Disparition de Laurent Achard

Par Jean-Marc Lalanne, les Inrocks le 26 mars 2024

Le cinéaste de 59 ans est décédé dans le 25 mars dernier. Retour sur un œuvre hantée par les peurs et les blessures de l’enfance et portée par une grande puissance expressive de la mise en scène.

Depuis ses premiers courts métrages, l’œuvre de Laurent Achard a accompagné la vie de ce journal. Nous aimions ses films, nous l’avons souvent rencontré et lui avons donné la parole.

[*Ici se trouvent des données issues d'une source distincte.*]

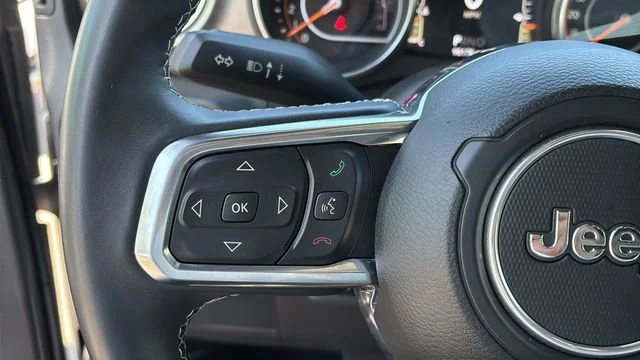 Used 2018 Silver Jeep Sahara 4x4 image 22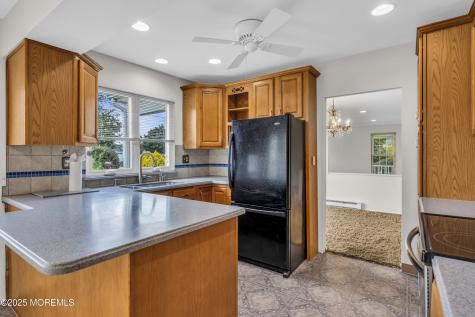 55 Elmswell Avenue Manchester NJ 08759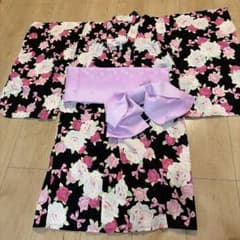 キッズ 浴衣 130cm ブラック ピンク 花柄 リボン 帯付きのサムネイル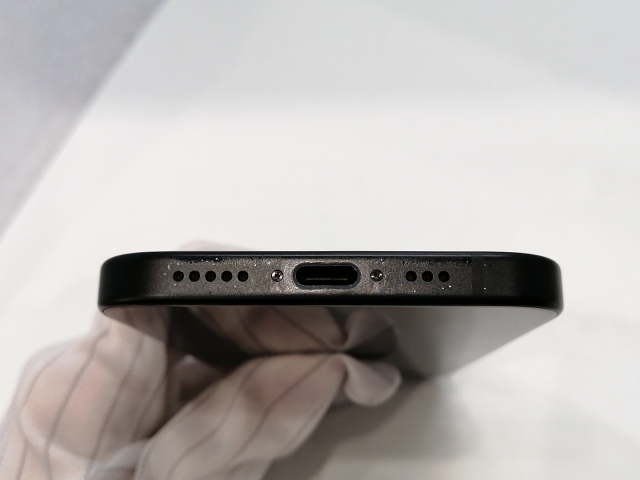 【中古】Apple docomo 【SIMフリー】 iPhone 15 256GB ブラック MTMN3J/A【浜松駅前】保証期間１ヶ月【ランクB】_4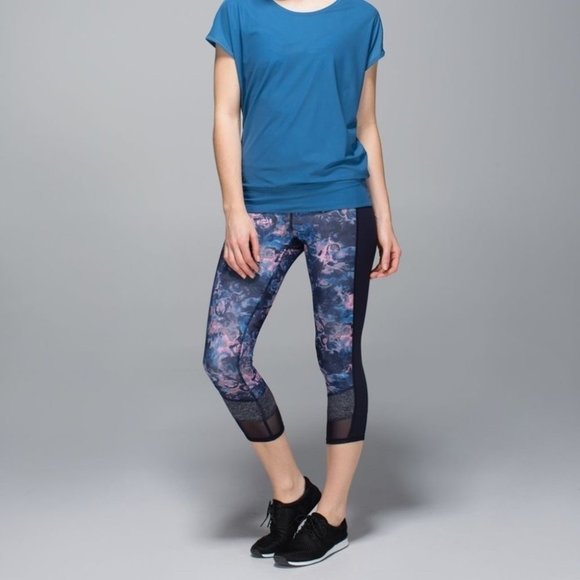 LULULEMON If You're Lucky Crop Full-On LuxtremeMoody Mirage Bark Berry Deep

Par-delà la stupeur et la vive émotion que provoque sa disparition brutale, à 59 ans (d’un arrêt cardiaque), se mêle un sentiment mixte : le regret, d’une part, qu’un cinéaste aussi doué n’ait pas tourné davantage (seulement trois longs métrages de fiction) et le sentiment, tout de même, que cet archipel où se confondent différents formats (outre les trois longs, quelques courts métrages immenses, ou encore des portraits documentaires de cinéastes pour la télévision) constitue une œuvre importante. Et, in fine, passé le regret de l’avoir imaginée plus profuse, extrêmement accomplie en l’état.

L’enfance en filigrane

Quelques minutes suffisent pour comprendre que Laurent Achard ne vit et ne respire que pour, à travers et par le cinéma. Il y pense tout le temps, ne cesse d’imaginer la vie des gens qu’il croise…”. Ainsi débutait le portrait que Jean-Baptiste Morain consacrait en 2011 au cinéaste dans Les Inrocks. Il y décrit aussi le peu de goût qu’avait Achard pour les confessions biographiques, le mystère qu’il entretenait sur son enfance dans l’Yonne, sa famille, ses origines. Tout au plus laissait-il entrevoir qu’ils comportaient des failles profondes, dans lesquelles se sont engouffrés ses films. L’enfant est le coeur de son cinéma, l’agent de ses fictions et le vecteur du regard et de la mise en scène.

Et ce dès le court métrage, son second, qui lui vaut une large reconnaissance : Dimanche ou les fantômes, présenté à Cannes en 1994 avant de connaître un parcours jonché de prix en festivals. Revu trente ans après, le film reste miraculeux de maîtrise et de grâce. C’est dimanche, pas n’importe lequel, celui de la fête des mères. Une jeune femme et son fils en profitent pour faire un pique-nique près d’une rivière. Pas loin, un sexagénaire pêche à la ligne. Tout autour, deux comparses inquiétants rôdent.

Le remugle de la nature, le clapotis de la rivière composent une partition faussement édénique et progressivement asphyxiante. Quelque chose de terrible pourrait advenir, s’est peut-être même déjà produit. Et le petit garçon, entre baignades et excursion solitaire dans la forêt, se bat avec des bribes de signes, d’inquiétantes prémonitions. Finalement, seul est mort un poisson rouge. Mais quelque chose d’affreux s’est tramé dans la doublure du réel et y a incrusté ses stigmates.

Et le danger en toile de fond

À Dimanche et les fantômes succède un autre film court, Une odeur de géranium, qui connaît également un beau parcours de festivals ; puis un premier long, tourné en 1998, Plus qu’hier, moins que demain. Le film réorchestre beaucoup d’éléments déjà présents dans les courts, et constitutifs de l’univers de Laurent Achard (la présence d’une rivière, la relation petit frère/grande sœur, le monde ouvrier et rural, l’imminence d’un danger), mais les projette dans une lumière plus solaire.

Dans cette chronique familiale le temps d’un week-end, chaque personnage est porteur de souffrances, d’insatisfactions, de blessures pas cicatrisées, et pourtant le régime de la quotidienneté, une atmosphère pastorale un peu réconfortante embrassent les gerçures de chacun·e et endiguent un peu la noirceur à l’œuvre dans la totalité de l’œuvre.